MultiQ

Task Description

MultiQ is a multi-hop QA dataset for Russian, suitable for general open-domain question answering, information retrieval, and reading comprehension tasks. The dataset is based on the dataset of the same name from the TAPE benchmark [1].

Keywords: Multi-hop QA, World Knowledge, Logic, Question-Answering

Authors: Ekaterina Taktasheva, Tatiana Shavrina, Alena Fenogenova, Denis Shevelev, Nadezhda Katricheva, Maria Tikhonova, Albina Akhmetgareeva, Oleg Zinkevich, Anastasiia Bashmakova, Svetlana Iordanskaia, Alena Spiridonova, Valentina Kurenshchikova, Ekaterina Artemova, Vladislav Mikhailov

Motivation

Question-answering has been an essential task in natural language processing and information retrieval.
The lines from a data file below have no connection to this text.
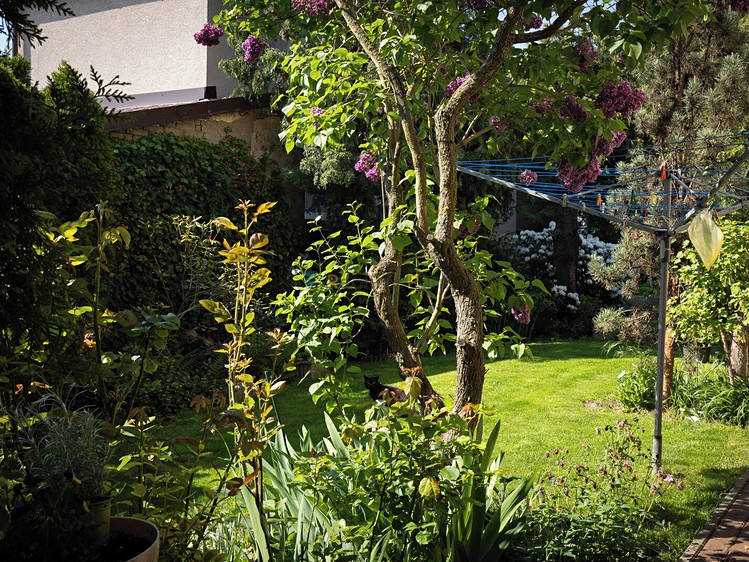 Haus zum Kauf, 294 m² (60 von 66)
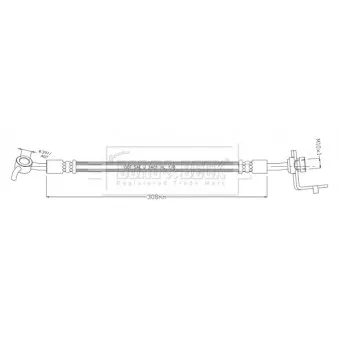 Flexible de frein BORG & BECK BBH8927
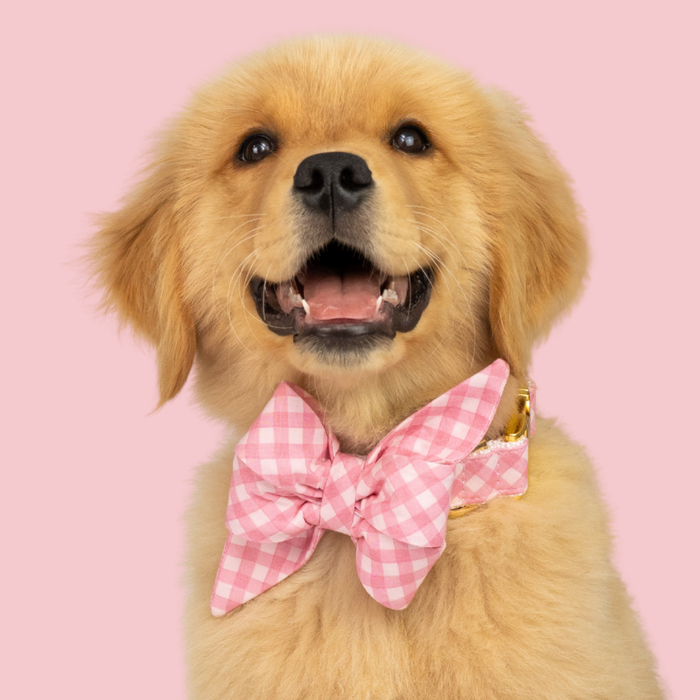 Blush and Bashful Picnic Plaid Belle Bow Dog Collar - Crew LaLa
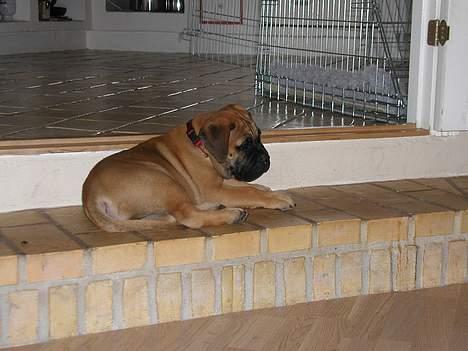 Bullmastiff Maggie billede 4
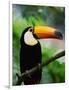 Toco Toucan-Kevin Schafer-Framed Photographic Print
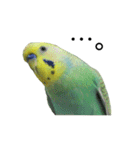ずんぴこ。（可愛いセキセイインコ）その2（個別スタンプ：25）
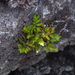 Polypodium insularum - Photo (c) Michael Bakker Paiva, some rights reserved (CC BY), uploaded by Michael Bakker Paiva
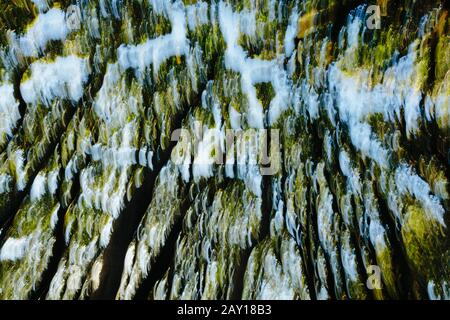 Blurred motion abstract of forest canopy,Tamales Bay State Park, Point Reyes National Seashore, California Stock Photo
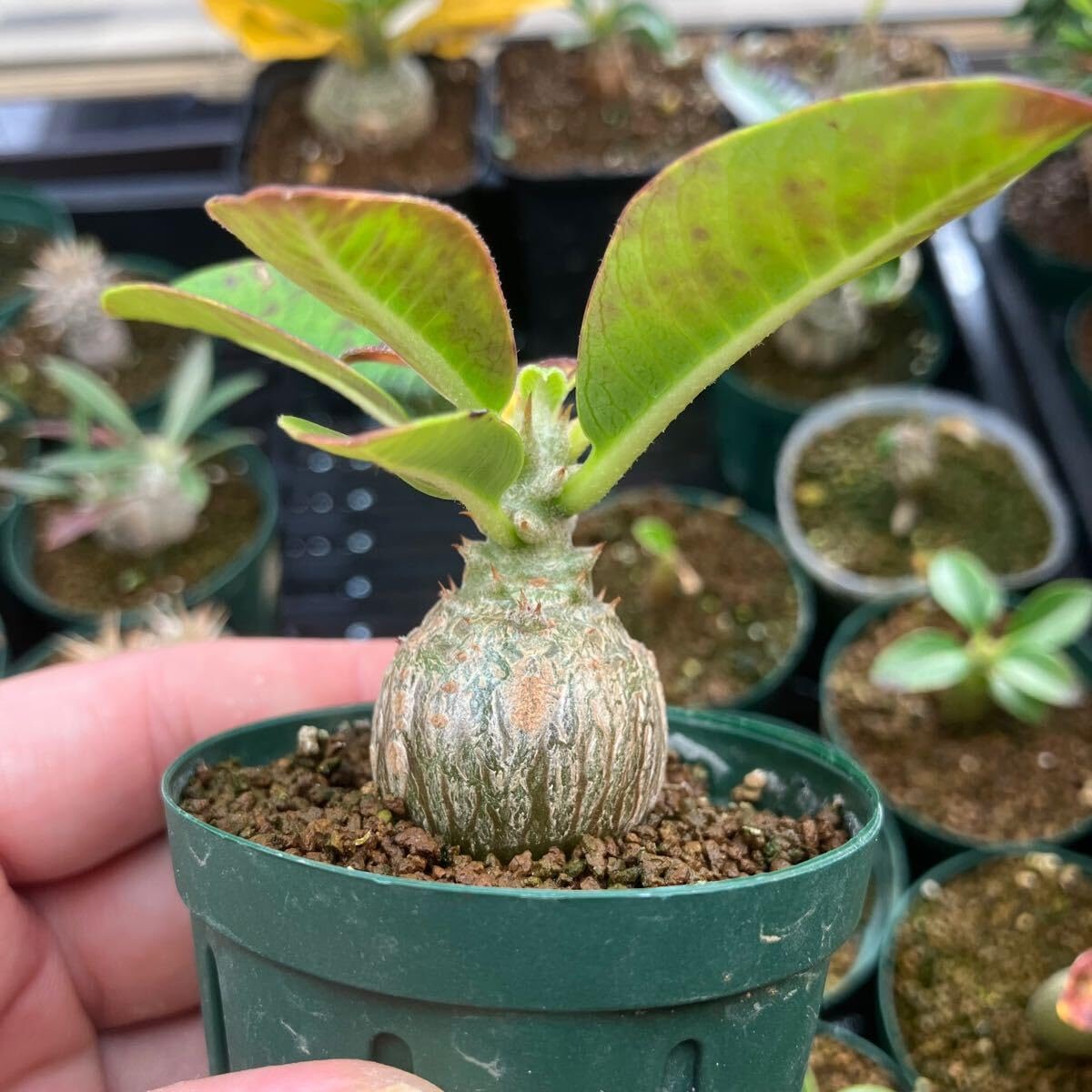 Amazon｜パキポディウム ウィンゾリー 実生 まん丸 塊根植物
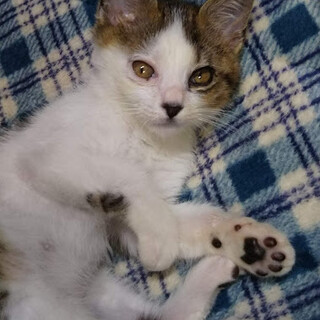 ちょっと残念な顔の『大（おー）くん』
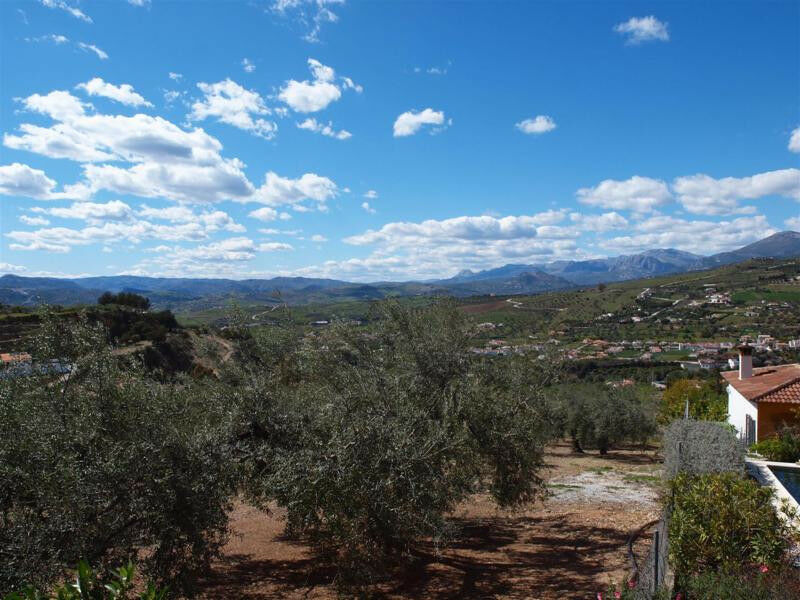 Detached Villa Alcaucín Málaga - imagen 4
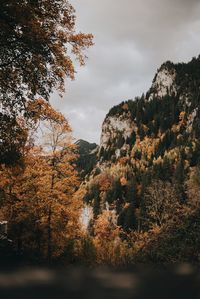 Scenic view of trees against sky during autumn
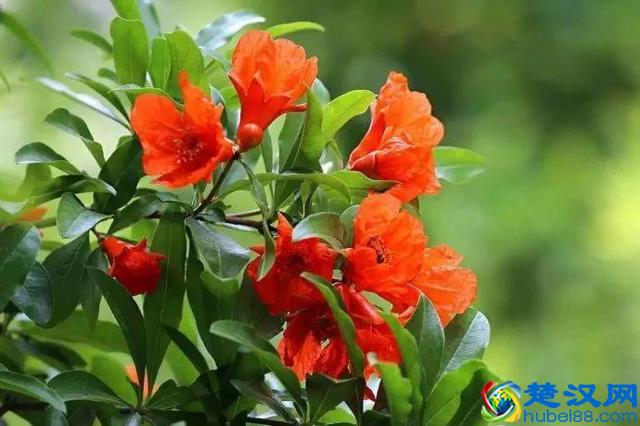十二个月份的时令花，个个娇艳动人，原来守护你的就是它！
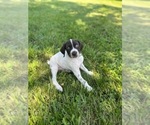 Puppy River German Shorthaired Pointer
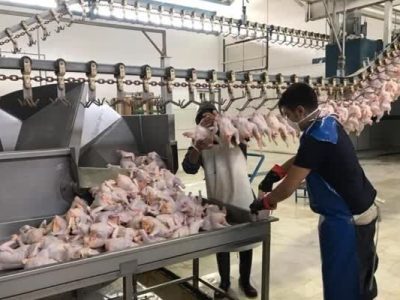 نخستین محموله صادراتی مرغ به عراق رفت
However, certain areas in QA remain quite challenging for modern approaches, including the multi-hop one, which is traditionally considered an intersection of graph methods, knowledge representation, and SOTA language modeling.

Dataset Description

Data Fields

  • meta is a dictionary containing meta-information about the example:
    • id is the task ID;
    • bridge_answer is a list of entities necessary to answer the question contained in the outputs field using two available texts;
  • instruction is an instructional prompt specified for the current task;
  • inputs is a dictionary containing the following information:
    • text is the main text line;
    • support_text is a line with additional text;
    • question is the question, the answer to which is contained in these texts;
  • outputs is the answer information:
    • label is the answer label;
    • length is the answer length;
    • offset is the answer start index;
    • segment is a string containing the answer.

Data Instances

Each dataset sample consists of two texts (the main and the supporting ones) and a question based on these two texts. Below is an example from the dataset:

{
    "instruction": "Прочитайте два текста и ответьте на вопрос.\\\\nТекст 1: {support_text}\\\\nТекст 2: {text}\\\\nВопрос: {question}\\\\nОтвет:",
    "inputs": {
        "question": "В какую реку впадает река, притоком которой является Висвож?",
        "support_text": "Висвож — река в России, протекает по Республике Коми. Устье реки находится в 6 км по левому берегу реки Кыбантывис. Длина реки составляет 24 км.",
        "text": "Кыбантывис (Кабан-Тывис) — река в России, протекает по Республике Коми. Левый приток Айювы. Длина реки составляет 31 км. Система водного объекта: Айюва → Ижма → Печора → Баренцево море."
    },
    "outputs": [{
        "label": "answer",
        "length": 5,
        "offset": 85,
        "segment": "Айювы"
    }],
    "meta": {
        "id": 9,
        "bridge_answers": [{
            "label": "passage",
            "length": 10,
            "offset": 104,
            "segment": "Кыбантывис"
        }]
    }
}

Data Splits

The dataset consists of 1056 training examples (train set) and 900 test examples (test set).

Prompts

We prepared 5 different prompts of various difficulties for this task. An example of the prompt is given below:

"Прочитайте два текста и ответьте на вопрос.\\\\nТекст 1: {support_text}\\\\nТекст 2: {text}\\\\nВопрос: {question}\\\\nОтвет:".

Dataset Creation

The dataset was created using the corresponding dataset from the TAPE benchmark [1] and was initially sampled from Wikipedia and Wikidata. The whole pipeline of the data collection can be found here.

Evaluation

Metrics

To evaluate models on this dataset, two metrics are used: F1-score and complete match (Exact Match — EM).

Human Benchmark

The F1-score / EM results are 0.928 / 0.91, respectively.

References

[1] Taktasheva, Ekaterina, et al. "TAPE: Assessing Few-shot Russian Language Understanding." Findings of the Association for Computational Linguistics: EMNLP 2022. 2022.